= Robert W. Newcomb =

Professor of electrical engineering

Robert W. Newcomb is a professor of electrical engineering at the University of Maryland, College Park. He obtained a BSEE degree from Purdue University in 1955, an MS from Stanford University in 1957, and his Ph.D. in Electrical Engineering from the University of California at Berkeley in 1960. He was a professor in the electrical engineering department at Stanford University through 1968, and from 1969 onward has been a professor in the electrical engineering department at the University of Maryland at College Park. He has graduated over 70 Ph.D. students from both Stanford and the University of Maryland, including Brian D. O. Anderson.

He currently directs the Microsystems Laboratory at the University of Maryland.
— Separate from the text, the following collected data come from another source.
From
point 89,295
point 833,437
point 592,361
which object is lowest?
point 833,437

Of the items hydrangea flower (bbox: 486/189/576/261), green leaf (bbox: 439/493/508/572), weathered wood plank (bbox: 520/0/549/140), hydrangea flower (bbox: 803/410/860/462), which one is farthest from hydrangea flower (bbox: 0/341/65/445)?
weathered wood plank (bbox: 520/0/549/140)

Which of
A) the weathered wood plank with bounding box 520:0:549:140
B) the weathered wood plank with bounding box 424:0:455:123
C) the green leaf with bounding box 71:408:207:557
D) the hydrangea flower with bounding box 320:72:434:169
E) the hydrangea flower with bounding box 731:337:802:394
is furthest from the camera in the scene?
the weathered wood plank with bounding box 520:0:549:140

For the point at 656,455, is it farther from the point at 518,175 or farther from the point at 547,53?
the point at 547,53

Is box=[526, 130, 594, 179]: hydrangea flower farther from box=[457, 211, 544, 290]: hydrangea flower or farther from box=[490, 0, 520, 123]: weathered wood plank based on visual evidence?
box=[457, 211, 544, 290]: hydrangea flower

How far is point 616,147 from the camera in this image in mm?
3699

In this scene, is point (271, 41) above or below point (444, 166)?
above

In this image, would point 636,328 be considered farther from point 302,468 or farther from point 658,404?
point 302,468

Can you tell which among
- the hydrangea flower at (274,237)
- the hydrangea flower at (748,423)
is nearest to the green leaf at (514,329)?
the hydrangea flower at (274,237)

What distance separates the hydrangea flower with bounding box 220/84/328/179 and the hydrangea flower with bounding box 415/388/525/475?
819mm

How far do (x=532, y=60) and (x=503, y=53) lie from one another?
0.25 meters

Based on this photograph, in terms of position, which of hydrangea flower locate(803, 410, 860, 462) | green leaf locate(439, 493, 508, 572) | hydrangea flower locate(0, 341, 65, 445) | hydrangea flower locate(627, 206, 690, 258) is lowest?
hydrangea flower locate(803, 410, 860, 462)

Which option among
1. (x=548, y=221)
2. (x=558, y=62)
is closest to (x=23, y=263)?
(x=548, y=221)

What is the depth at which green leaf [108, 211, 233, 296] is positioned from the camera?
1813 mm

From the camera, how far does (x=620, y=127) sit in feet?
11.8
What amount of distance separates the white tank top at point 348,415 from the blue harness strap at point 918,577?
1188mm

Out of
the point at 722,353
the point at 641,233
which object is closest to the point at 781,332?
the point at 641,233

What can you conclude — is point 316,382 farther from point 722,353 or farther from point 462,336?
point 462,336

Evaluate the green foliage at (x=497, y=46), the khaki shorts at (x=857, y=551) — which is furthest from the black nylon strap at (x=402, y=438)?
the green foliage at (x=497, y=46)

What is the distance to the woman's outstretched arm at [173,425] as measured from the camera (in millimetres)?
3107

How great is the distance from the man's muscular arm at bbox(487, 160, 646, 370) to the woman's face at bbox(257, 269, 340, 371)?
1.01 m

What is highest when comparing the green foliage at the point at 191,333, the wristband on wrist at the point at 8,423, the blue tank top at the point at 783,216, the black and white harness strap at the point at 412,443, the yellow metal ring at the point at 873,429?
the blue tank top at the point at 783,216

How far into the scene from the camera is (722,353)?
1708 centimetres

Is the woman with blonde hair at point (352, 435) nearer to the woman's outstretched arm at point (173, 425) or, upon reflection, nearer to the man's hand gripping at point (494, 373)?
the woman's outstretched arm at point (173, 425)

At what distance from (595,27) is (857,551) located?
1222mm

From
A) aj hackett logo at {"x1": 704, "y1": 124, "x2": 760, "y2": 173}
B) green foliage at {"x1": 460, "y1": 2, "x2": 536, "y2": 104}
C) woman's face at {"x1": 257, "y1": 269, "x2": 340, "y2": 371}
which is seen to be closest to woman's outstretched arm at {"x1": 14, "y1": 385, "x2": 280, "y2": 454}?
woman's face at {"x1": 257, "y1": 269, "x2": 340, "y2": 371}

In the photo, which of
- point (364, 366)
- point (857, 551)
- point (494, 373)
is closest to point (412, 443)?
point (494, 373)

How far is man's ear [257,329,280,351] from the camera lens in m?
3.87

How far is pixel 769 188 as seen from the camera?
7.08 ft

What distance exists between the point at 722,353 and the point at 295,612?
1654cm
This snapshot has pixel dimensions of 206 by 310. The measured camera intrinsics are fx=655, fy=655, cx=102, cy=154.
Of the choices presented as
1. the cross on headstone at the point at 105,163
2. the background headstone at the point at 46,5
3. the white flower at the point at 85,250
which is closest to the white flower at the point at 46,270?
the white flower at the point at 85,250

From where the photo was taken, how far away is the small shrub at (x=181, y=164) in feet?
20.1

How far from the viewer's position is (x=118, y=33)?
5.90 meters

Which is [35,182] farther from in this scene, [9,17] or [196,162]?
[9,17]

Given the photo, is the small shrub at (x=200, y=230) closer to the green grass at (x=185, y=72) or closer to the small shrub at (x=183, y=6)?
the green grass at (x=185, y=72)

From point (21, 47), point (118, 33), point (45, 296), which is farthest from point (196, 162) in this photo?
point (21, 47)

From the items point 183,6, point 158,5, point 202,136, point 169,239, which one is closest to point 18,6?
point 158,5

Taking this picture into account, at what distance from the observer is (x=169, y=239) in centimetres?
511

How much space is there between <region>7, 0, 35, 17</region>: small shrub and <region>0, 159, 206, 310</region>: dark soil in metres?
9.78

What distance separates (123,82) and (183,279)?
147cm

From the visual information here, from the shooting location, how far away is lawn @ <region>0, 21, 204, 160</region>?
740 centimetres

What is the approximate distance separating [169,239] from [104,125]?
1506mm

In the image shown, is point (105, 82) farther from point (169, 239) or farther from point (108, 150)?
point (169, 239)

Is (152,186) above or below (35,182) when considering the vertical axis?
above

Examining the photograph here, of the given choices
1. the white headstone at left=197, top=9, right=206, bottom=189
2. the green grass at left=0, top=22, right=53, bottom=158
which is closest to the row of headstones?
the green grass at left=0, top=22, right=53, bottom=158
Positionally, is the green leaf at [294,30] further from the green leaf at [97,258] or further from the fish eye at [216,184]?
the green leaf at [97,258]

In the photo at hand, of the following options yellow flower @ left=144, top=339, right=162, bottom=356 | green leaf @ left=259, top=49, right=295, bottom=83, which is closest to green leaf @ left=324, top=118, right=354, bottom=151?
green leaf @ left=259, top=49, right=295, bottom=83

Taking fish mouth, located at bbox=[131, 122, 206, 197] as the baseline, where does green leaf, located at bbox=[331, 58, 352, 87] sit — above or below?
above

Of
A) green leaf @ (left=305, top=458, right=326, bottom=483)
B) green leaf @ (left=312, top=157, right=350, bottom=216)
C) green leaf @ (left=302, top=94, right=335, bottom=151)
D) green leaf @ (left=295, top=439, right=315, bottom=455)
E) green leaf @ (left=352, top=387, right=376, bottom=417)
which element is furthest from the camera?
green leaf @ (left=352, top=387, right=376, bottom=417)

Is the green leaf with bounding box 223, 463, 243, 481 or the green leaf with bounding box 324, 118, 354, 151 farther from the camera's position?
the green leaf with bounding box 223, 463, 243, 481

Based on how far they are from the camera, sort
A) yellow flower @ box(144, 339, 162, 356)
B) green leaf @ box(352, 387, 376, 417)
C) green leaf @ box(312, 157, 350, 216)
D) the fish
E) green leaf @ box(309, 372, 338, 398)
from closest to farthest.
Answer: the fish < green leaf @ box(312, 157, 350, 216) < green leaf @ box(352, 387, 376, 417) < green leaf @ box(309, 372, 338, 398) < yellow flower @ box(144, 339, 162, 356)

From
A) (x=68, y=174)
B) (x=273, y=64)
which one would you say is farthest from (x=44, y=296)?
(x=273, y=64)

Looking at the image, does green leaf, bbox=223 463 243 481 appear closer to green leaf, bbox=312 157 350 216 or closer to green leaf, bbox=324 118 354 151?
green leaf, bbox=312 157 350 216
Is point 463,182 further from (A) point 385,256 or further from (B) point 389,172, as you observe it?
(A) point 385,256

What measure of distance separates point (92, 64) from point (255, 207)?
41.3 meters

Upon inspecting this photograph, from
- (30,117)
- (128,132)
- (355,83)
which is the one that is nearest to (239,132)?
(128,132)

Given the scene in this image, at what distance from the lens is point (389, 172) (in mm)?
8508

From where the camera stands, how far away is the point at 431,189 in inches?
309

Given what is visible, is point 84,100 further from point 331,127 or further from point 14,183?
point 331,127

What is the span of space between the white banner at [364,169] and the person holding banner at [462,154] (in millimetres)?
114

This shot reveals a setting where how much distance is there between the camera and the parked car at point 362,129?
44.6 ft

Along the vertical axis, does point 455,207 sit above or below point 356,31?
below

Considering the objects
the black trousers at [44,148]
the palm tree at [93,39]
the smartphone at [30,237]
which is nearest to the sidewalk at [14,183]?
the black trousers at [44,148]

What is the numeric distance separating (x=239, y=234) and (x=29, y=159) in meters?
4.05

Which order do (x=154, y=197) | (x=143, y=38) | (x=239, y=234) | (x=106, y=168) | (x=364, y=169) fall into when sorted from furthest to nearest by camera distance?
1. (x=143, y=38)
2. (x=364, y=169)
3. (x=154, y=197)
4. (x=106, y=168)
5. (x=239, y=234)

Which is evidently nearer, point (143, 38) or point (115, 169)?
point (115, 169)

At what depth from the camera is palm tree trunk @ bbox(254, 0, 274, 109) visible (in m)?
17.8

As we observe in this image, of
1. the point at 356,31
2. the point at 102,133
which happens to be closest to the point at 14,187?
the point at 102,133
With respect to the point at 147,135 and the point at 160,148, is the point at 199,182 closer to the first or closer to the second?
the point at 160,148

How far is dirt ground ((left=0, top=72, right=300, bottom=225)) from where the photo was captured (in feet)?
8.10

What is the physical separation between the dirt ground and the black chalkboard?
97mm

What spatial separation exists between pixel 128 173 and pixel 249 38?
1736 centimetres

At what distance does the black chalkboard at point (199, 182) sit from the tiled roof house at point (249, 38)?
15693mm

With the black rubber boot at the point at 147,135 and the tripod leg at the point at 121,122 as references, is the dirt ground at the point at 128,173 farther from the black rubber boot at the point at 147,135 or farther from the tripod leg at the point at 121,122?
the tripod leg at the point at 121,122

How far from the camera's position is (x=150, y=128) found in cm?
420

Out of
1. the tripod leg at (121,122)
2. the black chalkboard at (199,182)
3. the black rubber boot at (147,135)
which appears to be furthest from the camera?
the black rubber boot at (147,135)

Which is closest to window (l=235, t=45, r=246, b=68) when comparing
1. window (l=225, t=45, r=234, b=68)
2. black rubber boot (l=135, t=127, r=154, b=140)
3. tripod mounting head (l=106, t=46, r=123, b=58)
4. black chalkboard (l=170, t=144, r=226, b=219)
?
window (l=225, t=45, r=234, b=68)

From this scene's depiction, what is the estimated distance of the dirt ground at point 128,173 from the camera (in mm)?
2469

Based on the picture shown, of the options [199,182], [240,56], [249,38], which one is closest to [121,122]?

His work during his career has spanned a variety of subdisciplines in electrical engineering, and has produced the following:
- The design and fabrication of the first MEMS micromotor in the 1960s
- Several books on VLSI, control, and circuit theory
- The extension of Maxwell's equations into n-dimensions
- Conceptualization of the Soliton, the P-Adic, and the Fibonacci computers
- n-port synthesis techniques for analog and DSP systems
- VLSI implementation of biologically realistic neural components
- Theory of curve tracing and knot tying robots

He is both a Life Fellow of IEEE and a Fellow of AIMBE. His recognition being the recipient of the IEEE CAS Society Golden Jubilee Medal award and the first recipient of the IEEE CAS Society Education award.